▸ **Exercise data**:
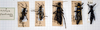 Monticomorpha flavolimbata (Redtenbacher, 1906): copyright MSNG. male (lectotype), male & female (paralectotypes). (Otu).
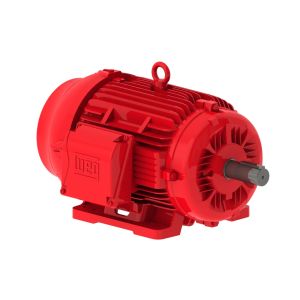 01515EP3OFP254T-W22 WEG Motor 15HP 4P 254/6T WFF2 - image 1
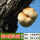 猴头菇木头种-3袋【可种900斤木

▸ **Problem description**:
What is needed here is an exact transcript of the data above, pictures excluded.

▸ **Response area**:
 Monticomorpha flavolimbata (Redtenbacher, 1906): copyright MSNG. male (lectotype), male & female (paralectotypes). (Otu).
 01515EP3OFP254T-W22 WEG Motor 15HP 4P 254/6T WFF2 - image 1
 猴头菇木头种-3袋【可种900斤木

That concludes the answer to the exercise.